Twenty-five years after the blockbuster success of the original animated Lion King film, director Jon Favreau (The Jungle Book; Iron Man) crafts an absolutely stunning computer-generated re-imagining.
Immersive photorealistic 3D effects bring the African savannah to life. The menagerie of anthropomorphic animals leaps, speaks and bounds in ways that are a technological marvel. The digital do-over is a spectacle to behold just in itself. A large part of the credit for this goes to the remarkable cinematographer Caleb Deschanel (The Passion of the Christ; The Black Stallion).
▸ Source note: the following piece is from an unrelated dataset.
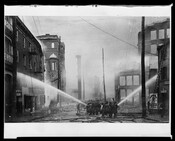 Firefighters fighting the Great Baltimore Fire on the 100-200 block of Liberty Street in Baltimore, Maryland. Multiple firehoses and streams of water can be seen aiming at surrounding buildings.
The story, with its shades of Shakespeare’s Hamlet, may be familiar. But the retelling of the drama of betrayal, exile and the responsibilities of kingship is still captivating enough to encompass a wide range of audiences, age and attitude no bar.
The stellar voice cast includes Donald Glover as the young future monarch Simba and nonagenarian legend James Earl Jones, reprising his role of King Mufasa. Plenty of wry humour is provided by Billy Eichner and Seth Rogen in the roles of sidekick meerkat and warthog respectively.
Among other highlights are the background music score by Hans Zimmer and the classic songs reinterpreted by such pop superstars as Beyonce Knowles-Carter. Overall, while the plot offers nothing new (honestly, how could it), this re-envisioning of The Lion King is a wondrous treat that merits comparison with the golden age of screen animation.